Start of Block
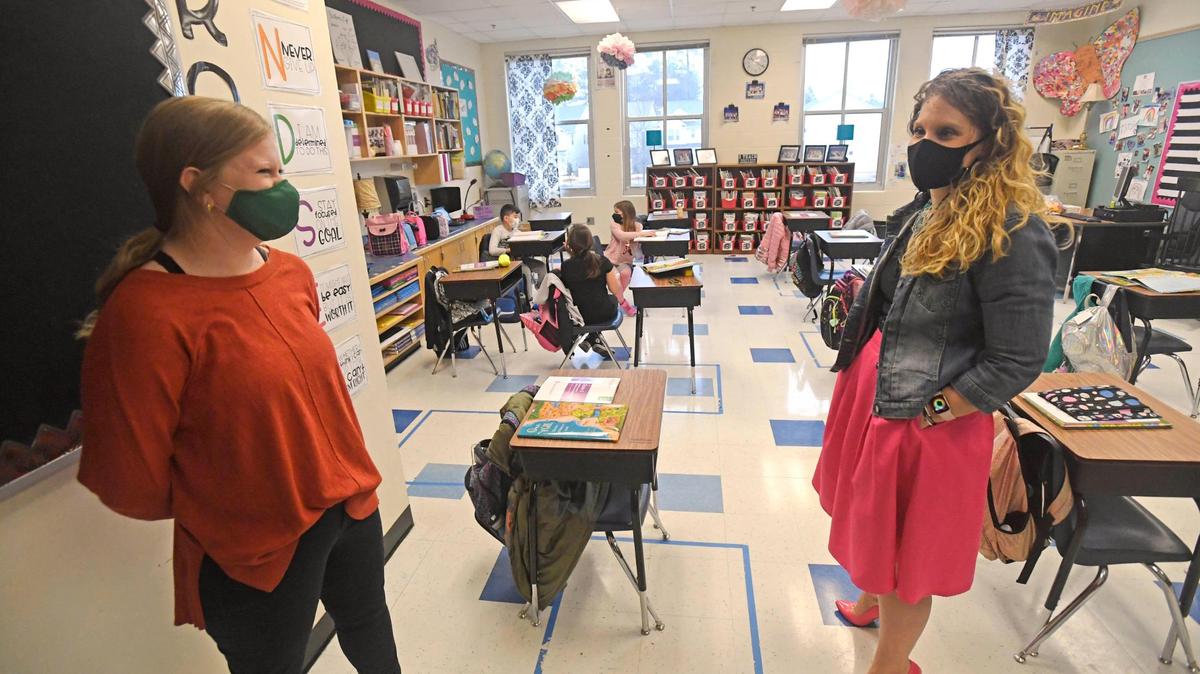 Teaching assistant Hailey Rhodes, left, and third grade teacher Tiffany Hazen, share a laugh at Ballantyne Elementary School on Thursday, February 18, 2021.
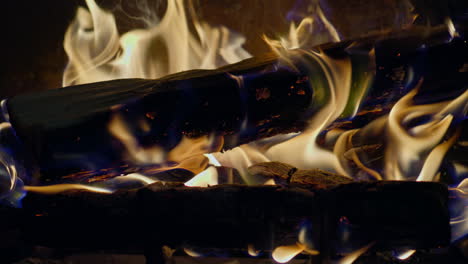 slow motion shot of flames and embers in a fireplace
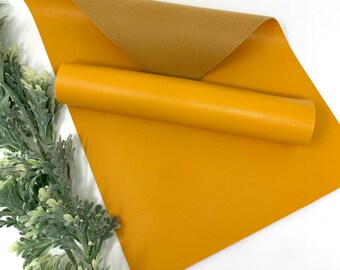 May include: A roll of mustard yellow faux leather with a brown suede backing. The leather is smooth and has a subtle texture.
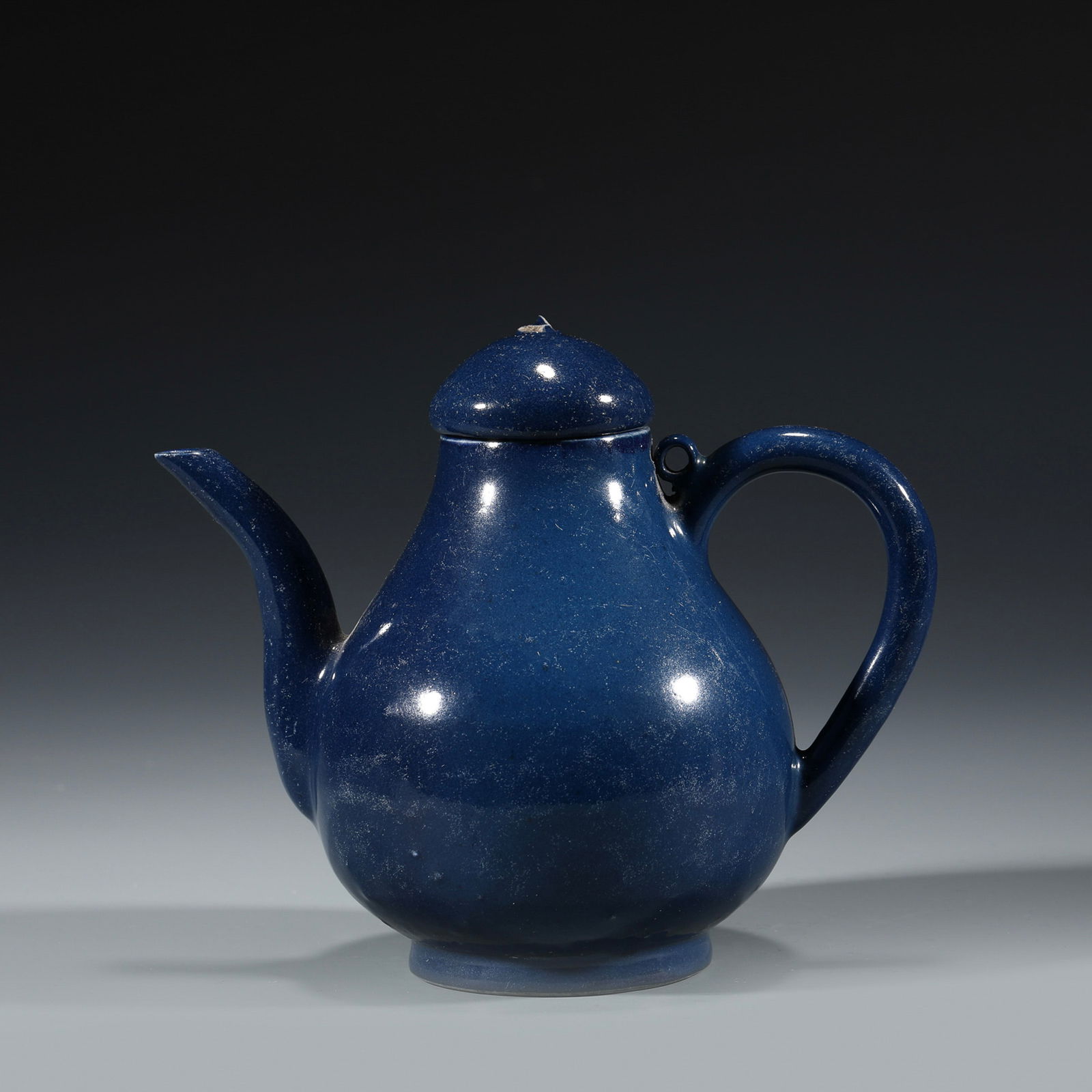 MING JIAJING JI BLUE POT: Dimensions: Length: 15cm, Width: 9cm, Height: 13cm Chinese Ming Dynasty JiaJing Ji Blue Porcelain Pot. Potted in tea pot shape, globular body with curve spout flanked on the mid belly outward at the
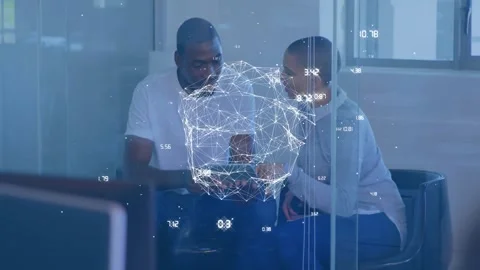 Two coworkers pointing at tablet behind glass causing digital sphere above Stock Footage 334178750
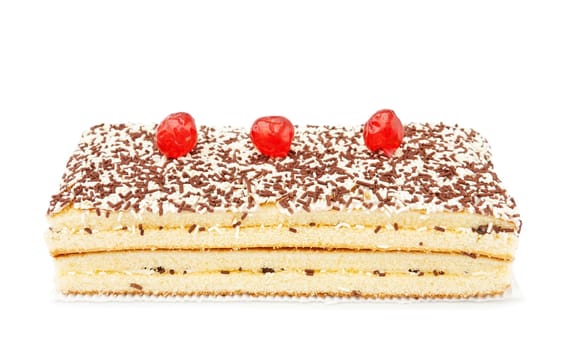 Freshly baked chocolate and coconut cake with cherries on top. Isolated over white background.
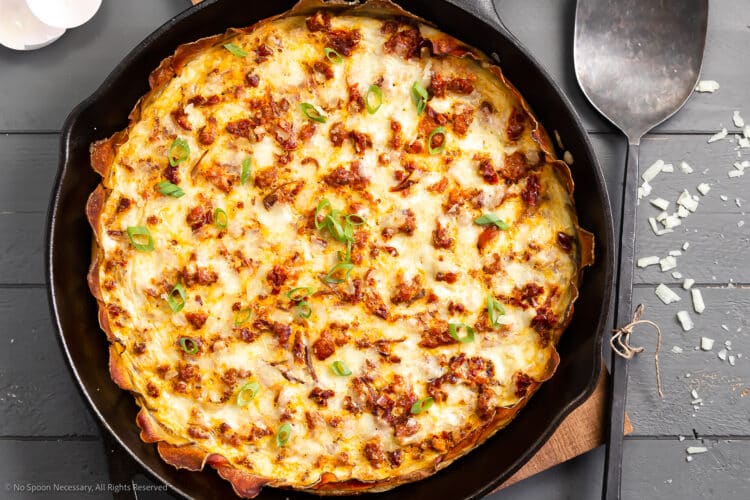 Overhead photo of a fully baked frittata with potato in a cast iron skillet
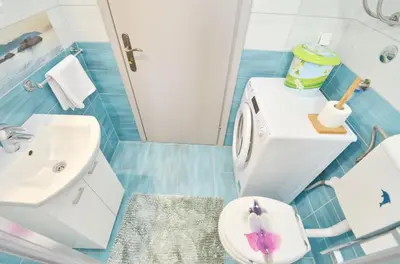 a blue and white bathroom with a toilet and a sink at Sunny apartment Tara in Kotor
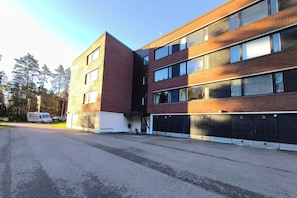 Un edificio de varios pisos con fachada de ladrillo, amplias ventanas y un estacionamiento cerrado.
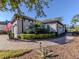 Charming home with manicured landscaping, a brick driveway, and an American flag at 5733 Semolino St, Nokomis, FL 34275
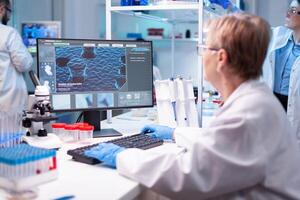 Medical scientist analyzing a test into computer for hospital expertise. Professional senior doctor examining vaccine evolution using high tech for scientific research, treatment development against covid19 photo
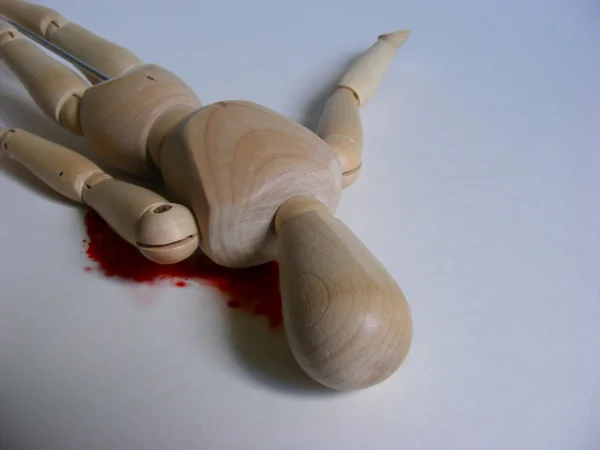 Death of a wooden figure — Stock Photo, Image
End of Block
— To do —
Set down exactly, line for line, the data from the line that contains "Un edificio de" through its last line, keeping pictures out.

— Result of the exercise —
 Un edificio de varios pisos con fachada de ladrillo, amplias ventanas y un estacionamiento cerrado.
 Charming home with manicured landscaping, a brick driveway, and an American flag at 5733 Semolino St, Nokomis, FL 34275
 Medical scientist analyzing a test into computer for hospital expertise. Professional senior doctor examining vaccine evolution using high tech for scientific research, treatment development against covid19 photo
 Death of a wooden figure — Stock Photo, Image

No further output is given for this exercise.